The Myth of Self-Reliance

victorian-wheelchairAnnE continues her fabulous guest stint at By Common Consent.

I have tried continually to get this people to pursue a course that will make them self-sustaining, taking care of their poor—the lame, the halt and the blind, lifting the ignorant from where they have no opportunity of observing the ways of the world, and of understanding the common knowledge possessed among the children of men, bringing them together from the four quarters of the world, and making of them an intelligent, thrifty and self-sustaining people.” (Brigham Young 6 Apr 1868 JD 12:195)

At the close of overland emigration, Brigham Young reminded the survivors comfortably gathered in the new Tabernacle it was time to graduate from a scrappy interdependence to a covenant community. In self-reliance they had packed individual wagons; in self-preservation companies banded and braced against the journey; the prologue was over. To circumscribe the breadth of a Zion worthy of exaltation, the saintly challenge is what Young called becoming “self-sustaining”, or creating a lasting and corporate abundance in the soul, heart and hand.

We Mormons can triage the heck out of acute suffering–from acres of Cream of Gilead casserole to a yellow-besmocked human chain that really makes a photo-op pop. We’re famous for out-donating and out-serving most other well-meaning people in more scheduled ways too. For my money, operationalizing charity with professional efficiency and earnest caring is an outward testimony of the Lord’s people.

I offer this as a personal indictment. I tend to spend the bulk of my personal ministry serving dead people, because they are more grateful and less weird than the living.
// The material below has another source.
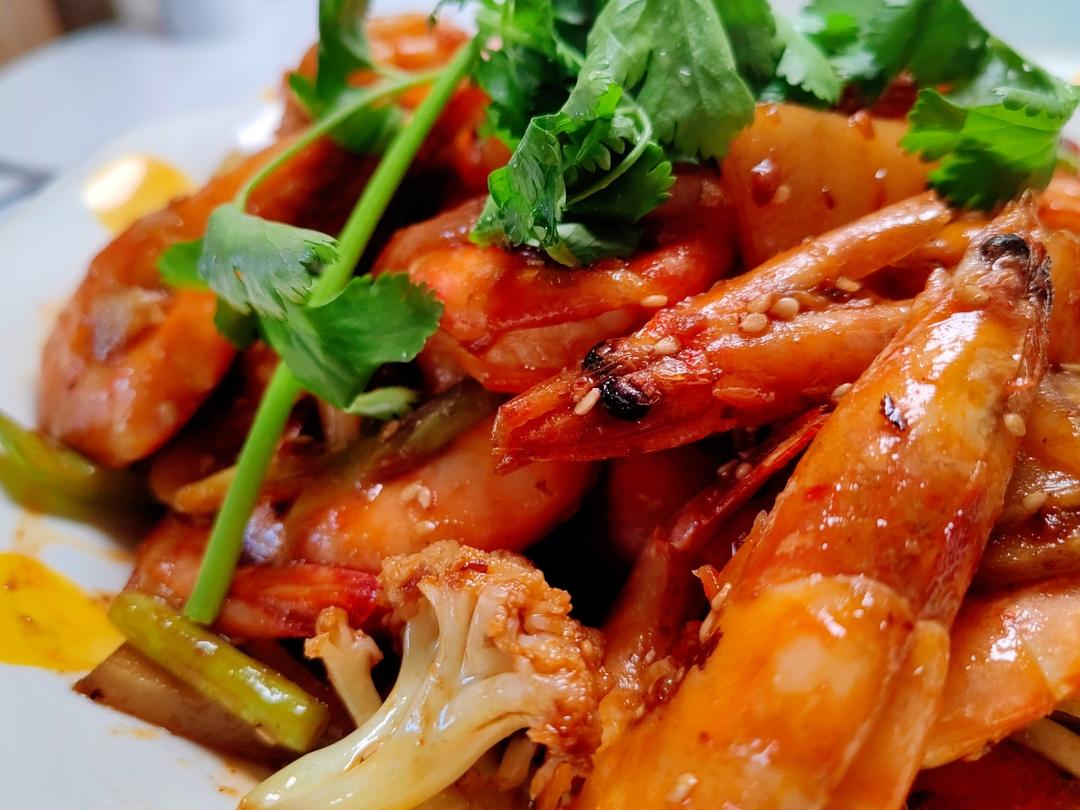 能瞬间引爆味蕾的【香辣干锅虾】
I am hopeful that as I mature, I will learn to own Zion in the aggregate as Brigham suggested. When he plead with the Saints to enlarge their borders to give place to those who remained marginalized, the final bowery had been dismantled, and a new sacred dome stretched over their heads. Now no longer an encampment, perhaps Israel felt once again anchored to a center place, however far-flung the outposts seemed to those still marooned in the periphery.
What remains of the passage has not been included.